Des investigations il ressort que "le groupe a entamé ses activités en 2001 en organisant des rencontres clandestines consacrées à la réalisation des objectifs terroristes poursuivis, dont la fabrication d’explosifs en vue d’incendier un lycée et un poste de la Garde nationale de Zarzis" (500 km de Tunis).
Le chef de bande, Tahar Ghmir "s’est employé à embrigader les jeunes gens condamnés et à les initier à la fabrication de bombes et d’explosifs", indique-t-on de même source.
En mai 2002, il a quitté le pays pour se rendre à l’étranger d’où il continuait à correspondre avec les membres du groupe : "Il leur a demandé de lancer une attaque contre le poste de la Garde maritime de Zarzis, au moyen d’un bazooka qu’Aymen Mcharek (l’un des lycéens condamnés à 19 ans de prison) devait ramener de l’étranger, ajoute-t-on.

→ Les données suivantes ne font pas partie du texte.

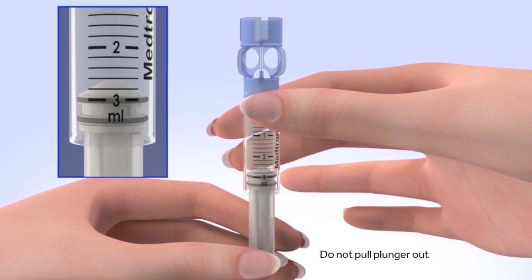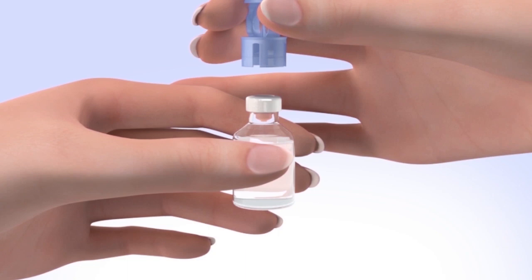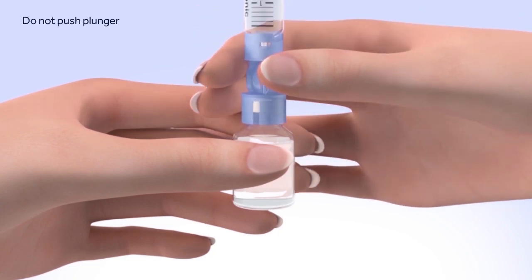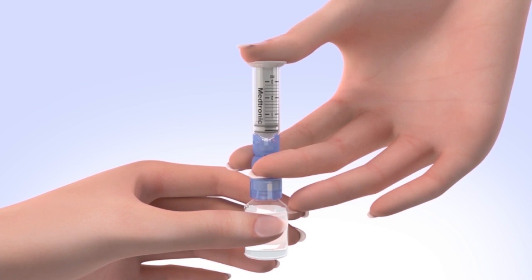Be careful not to pull the plunger completely out of the reservoir. Hold the reservoir by the blue transfer guard and connect it to the insulin vial by pressing down. Be careful not to push down on the plunger during this step. It's very important to push air into the vial before taking insulin out. To do this, keep the insulin vial upright, place your thumb on the plunger, and firmly push the air from the reservoir into the insulin vial. Continue to hold down the plunger with your thumb.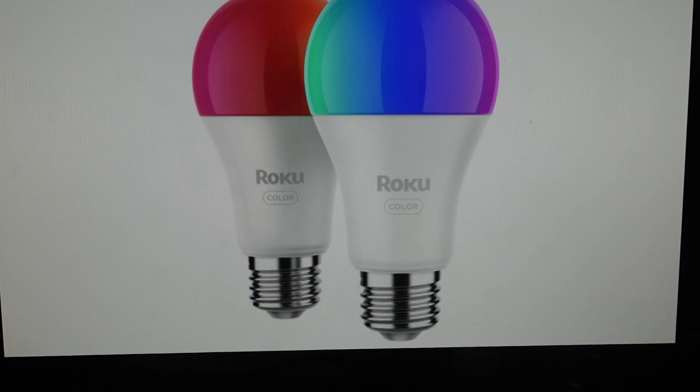Hey everybody, this is a quick video in case you have a Roku Smart Bulb SE and you need to do a hard reset to the factory default settings on it.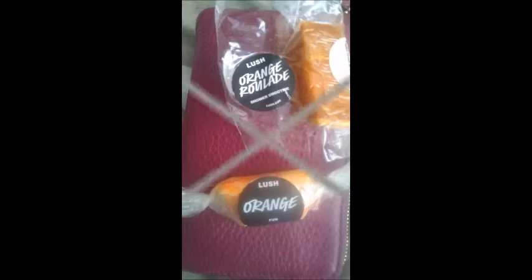Dawns and Divas, the Orange Fun features grapefruit oil and lemon oil. And the Orange Roulade features neroli oil, organic almond oil, and fresh orange juice.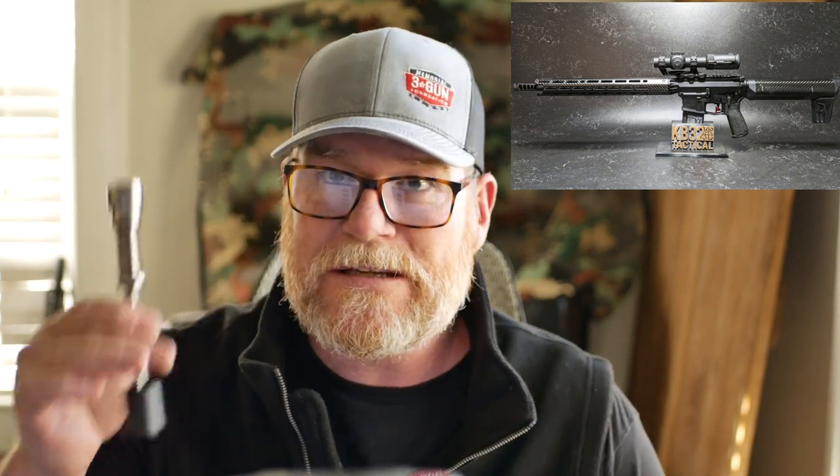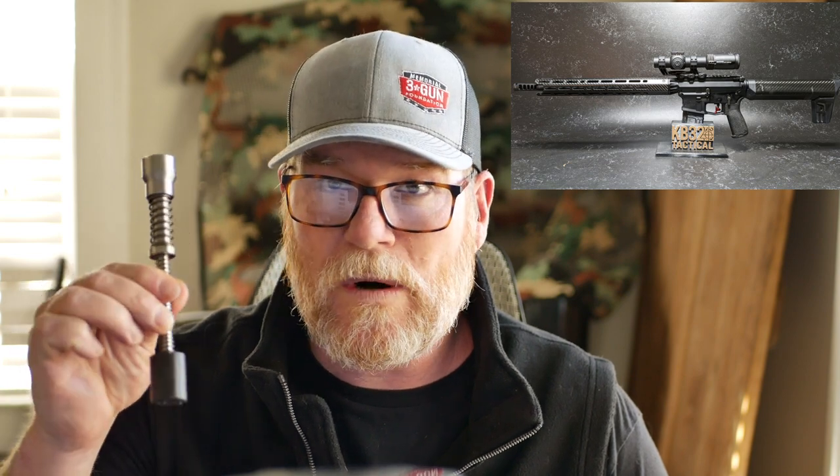I want to talk about a couple things. We're getting ready to start doing three-gun shooting again — this is going to be a lot of fun. I'm going to revamp a rifle and take you along the journey, showing you how to upgrade your starter rifle. The fine folks over at Arma Spec sent me one of these — the new SRS, their Gen 4. I looked it up and I might be the first one to do a video on this thing.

Les membres du groupe ont été déférés "pour délit de constitution d’une bande planifiant la préparation et l’exécution d’agressions contre des personnes (...) et des biens dans le but de terroriser".
Ils ont été jugés également "pour le vol, la fabrication et le montage d’explosifs, ainsi que leur transport et leur stockage..." conclut-on de source officielle.